In 2017, the Museo del Novecento in Milan held an exhibition of the works in honor of the thirtieth anniversary of their Milanese debut.

The Last Supper series was featured in the exhibition Andy Warhol: Revelation at the Brooklyn Museum in New York from November 2021 to June 2022. The exhibition examined Warhol's Catholic faith through a range of his works.

== Critical reception ==
The Last Supper series received a mixed but substantial critical response. In 1987, writing in Artforum, critic Jole De Sanna described it as Warhol's "most complex work that he produced in the years after his celebrated silkscreen prints of famous personalities."

In 1999, Claudia Schmuckli, a curatorial assistant at the Guggenheim wrote "the extent of the series indicates an almost obsessive investment in the subject matter, which takes on an added significance in light of the revelation of the secret religious life." By contrast, art critic Anthony Haden-Guest wrote for Artnet that "Warhol's Christ seems wishy-washy, religiose—an icon nobody quite knows," questioning the role of Warhol's Catholic faith in the series and suggesting that his beliefs may have "damped down the energy" and removed "the dry sulfurous crackle of the best work," leaving the paintings "paradoxically… spiritless."

== Collections ==
The large painting Camouflage Last Supper (1986), measuring more than 25 feet in length and overlaid with a military-style camouflage pattern is now held in the collection of the Menil Collection in Houston.

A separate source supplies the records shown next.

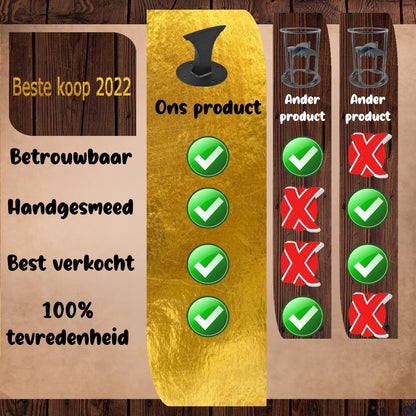 Merkloos Houtklover - Houtsplijter - Houtkliever - Houtklover Voor Aanmaakhout - Handmatig - Met Bevestigingsgaten - Kloofwig - Splijtwig - Metaal - Overal Te Bevestigen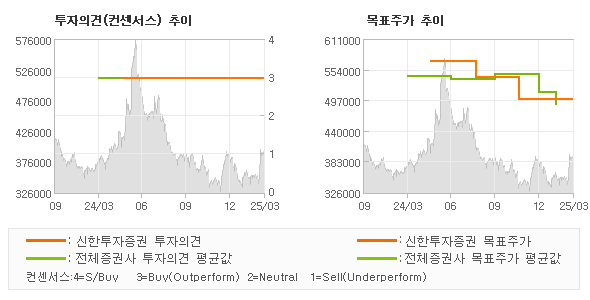 투자의견 및 목표주가 추이 그래프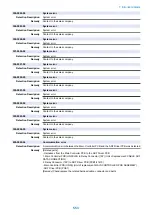 Preview for 565 page of Canon imageRUNNER ADVANCE C3320 Series Service Manual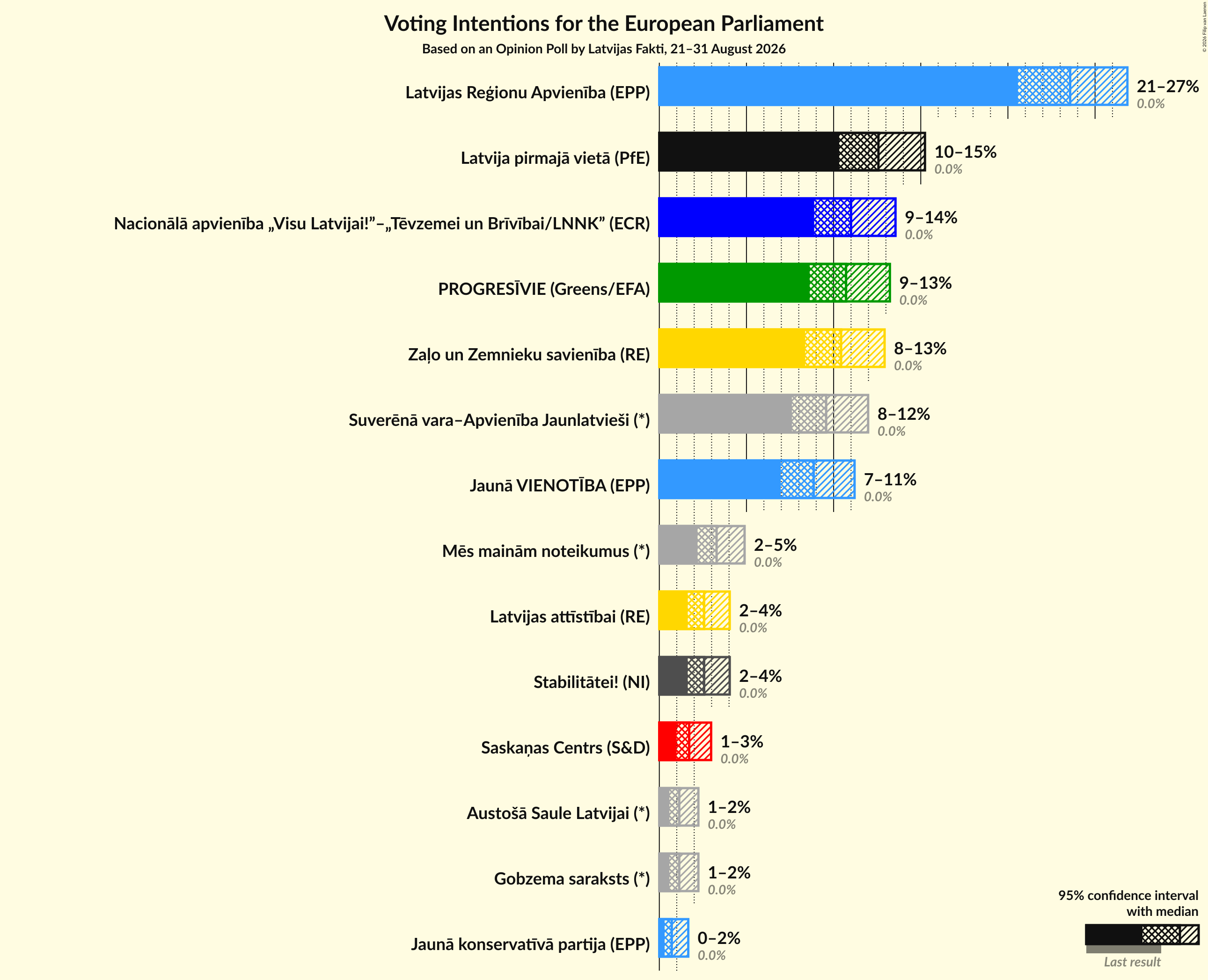Graph with voting intentions not yet produced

The collaborative sculpture Ten Punching Bags (Last Supper) (1985) with Jean-Michel Basquiat, was never shown during Warhol's lifetime. It is in the collection of the Andy Warhol Museum in Pittsburgh.

== Art market ==
In May 2008, art dealer Jose Mugrabi purchased Detail of the Last Supper (Christ 112 Times) (1986) for $9.5 million at Christie's in New York. Measuring 6 by 35 feet, it features a black grid with Christ's face outlines in yellow.

In May 2017, Last Supper (1986) a double image in pink and black, sold for $18.7 million at Christie's in New York.

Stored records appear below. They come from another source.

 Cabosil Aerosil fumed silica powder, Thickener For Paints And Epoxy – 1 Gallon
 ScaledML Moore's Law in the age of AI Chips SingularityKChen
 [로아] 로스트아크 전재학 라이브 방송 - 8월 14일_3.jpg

In November 2017, Sixty Last Suppers (1986) sold for $60.9 million at Christie's in New York.

In May 2018, Last Supper (1986), a double image in yellow and black, sold for $8.7 million at Phillips in New York.

In May 2025, The Last Supper (1986), a double image in blue and black, sold for $7.07 million at Christie's in New York. That month, The Last Supper screenprint fetched $453,600 at Christie's.

In November 2025, The Last Supper (1986), a double image in yellow and black from the Edlis | Neeson Collection, achieved $8.1 million at Christie's in New York.